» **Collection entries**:
━━━━━━━━━━━━━━━━━━━━

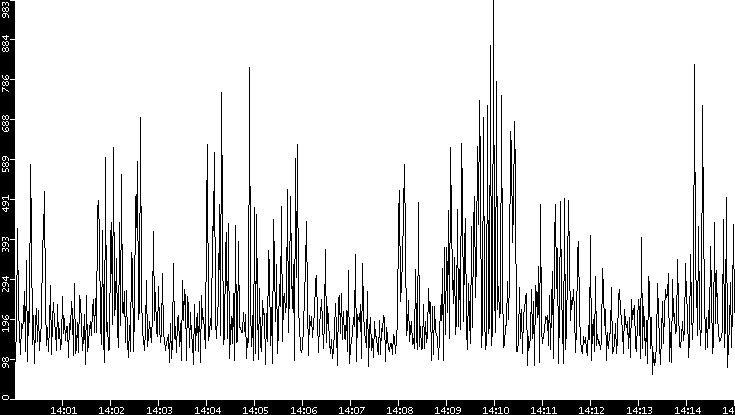 Average Packet Size vs. Time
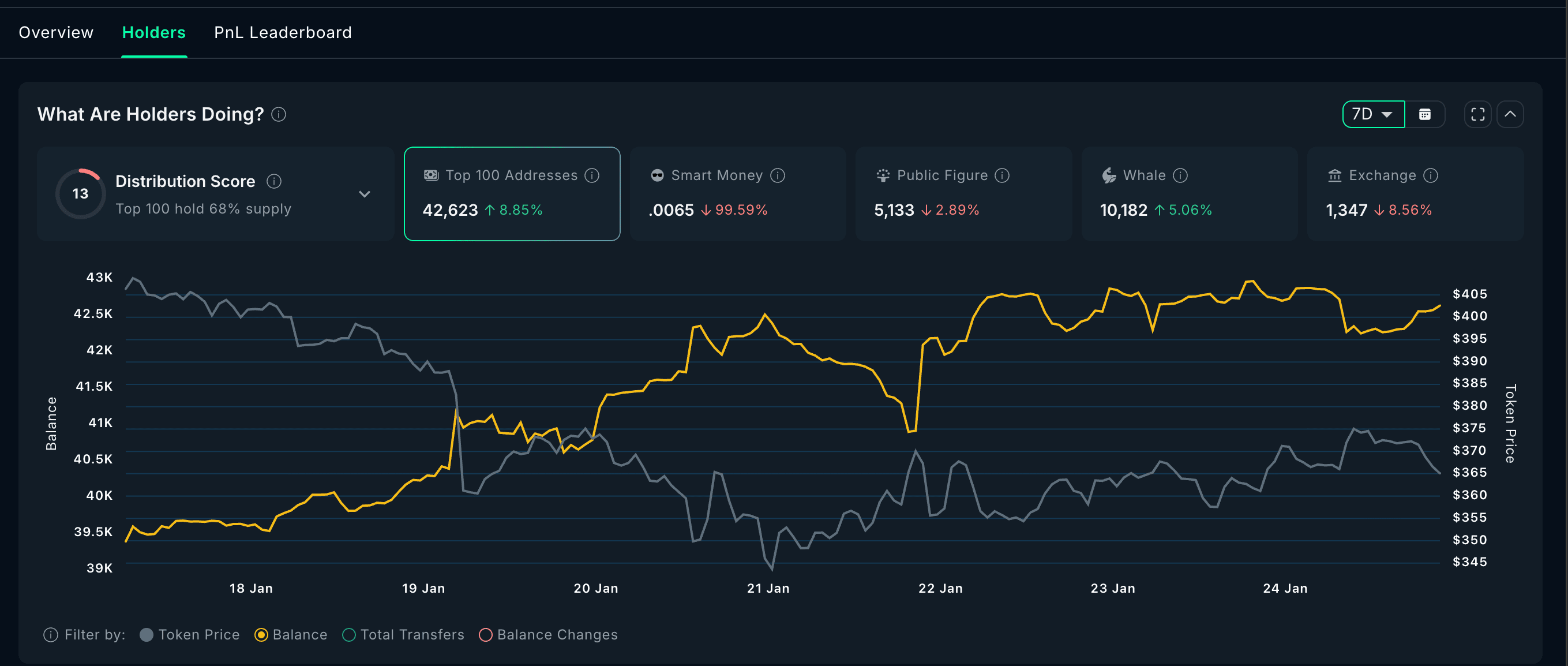 Điều gì sẽ xảy ra tiếp theo với giá ZEC?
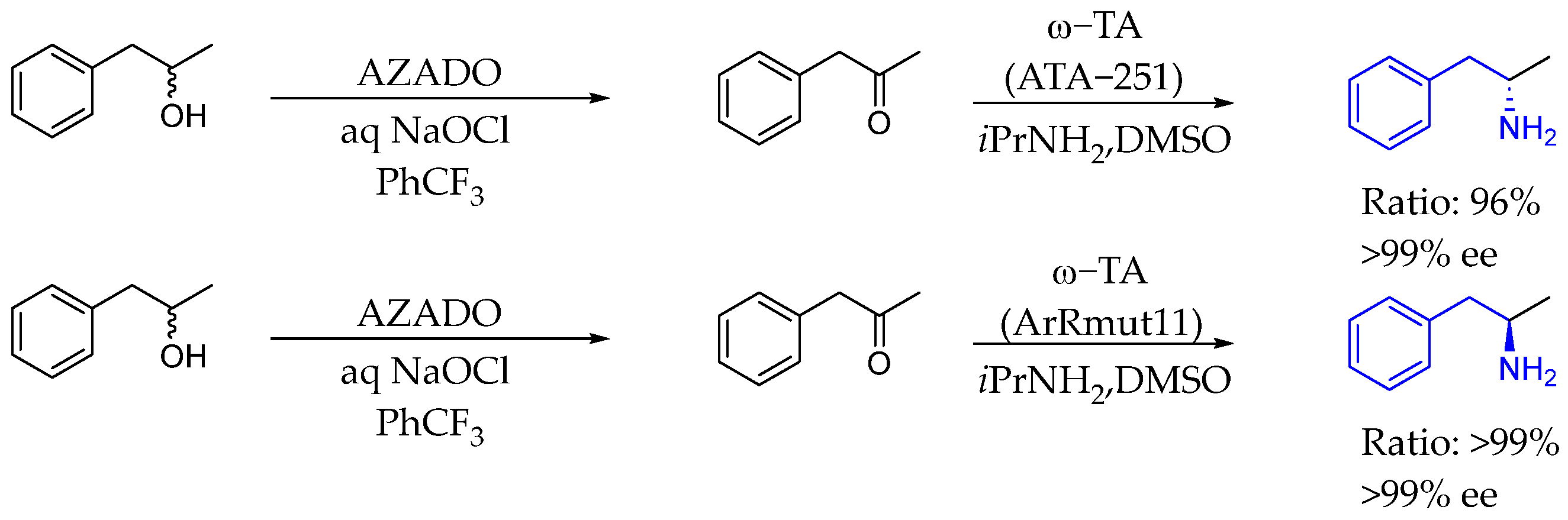 Molecules 29 05729 sch039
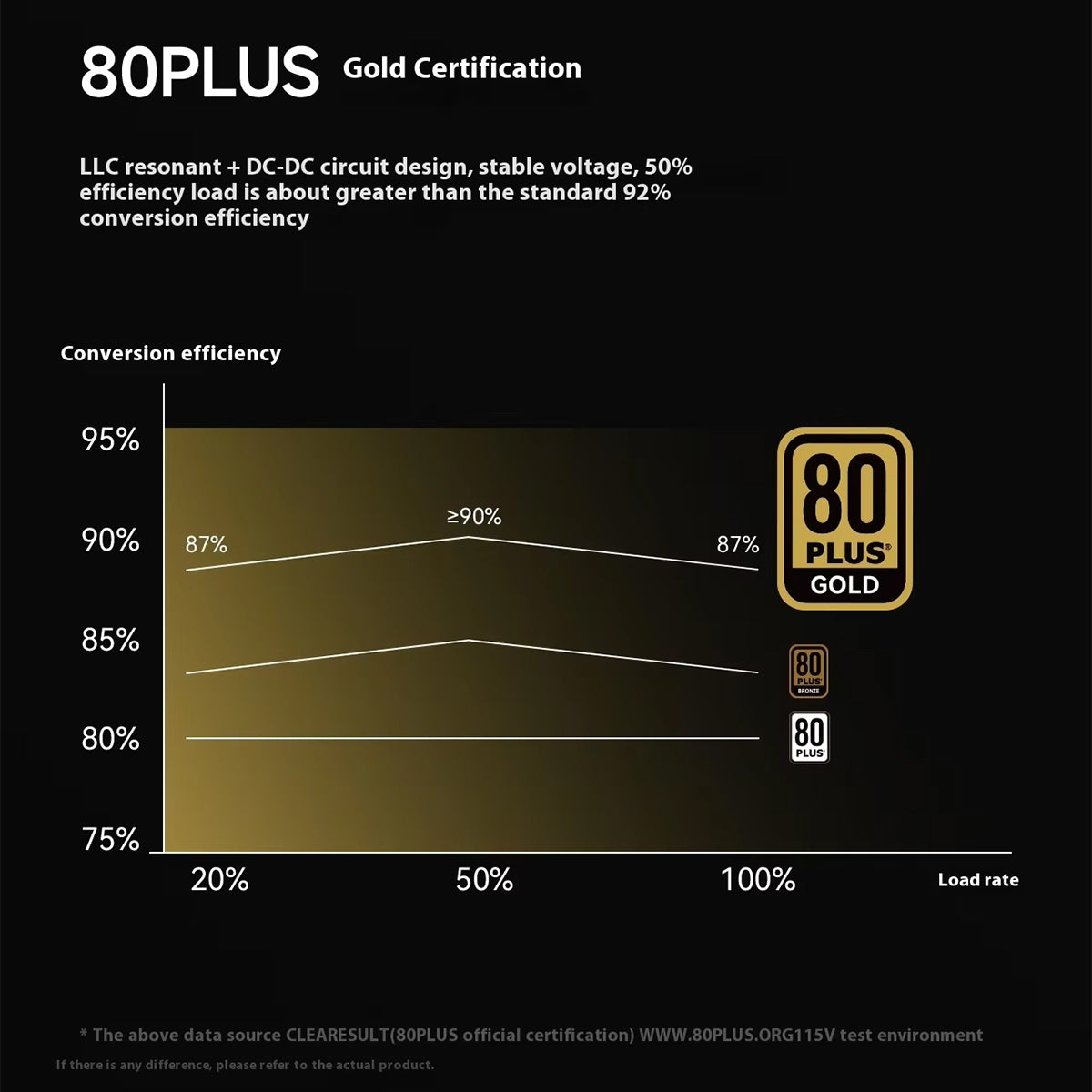 Thermalright TR-KG850 850W 80 Plus Gold Full Modular ATX 3.1 Power Supply - White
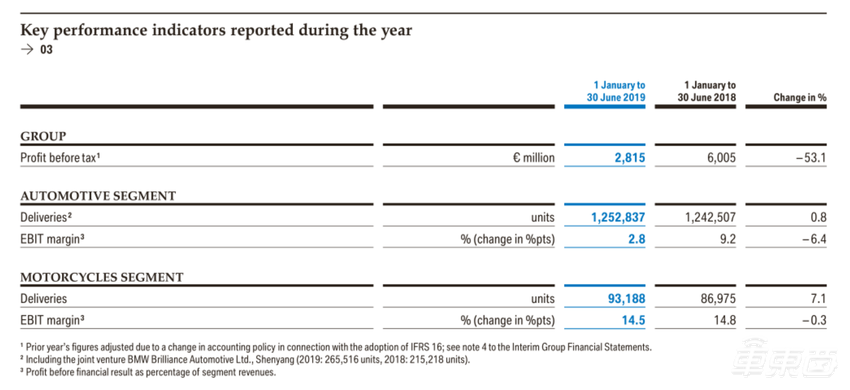 宝马Q2财报：中国市场获两位数增长 上半年全球售出6万台电动车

━━━━━━━━━━━━━━━━━━━━

» **YOUR INSTRUCTIONS**:
Print the stretch of the data from the line with "Molecules 29 05729 sch039" through its last line, exactly and with both ends kept. Omit pictures.

» **FINAL ANSWER**:
 Molecules 29 05729 sch039
 Thermalright TR-KG850 850W 80 Plus Gold Full Modular ATX 3.1 Power Supply - White
 宝马Q2财报：中国市场获两位数增长 上半年全球售出6万台电动车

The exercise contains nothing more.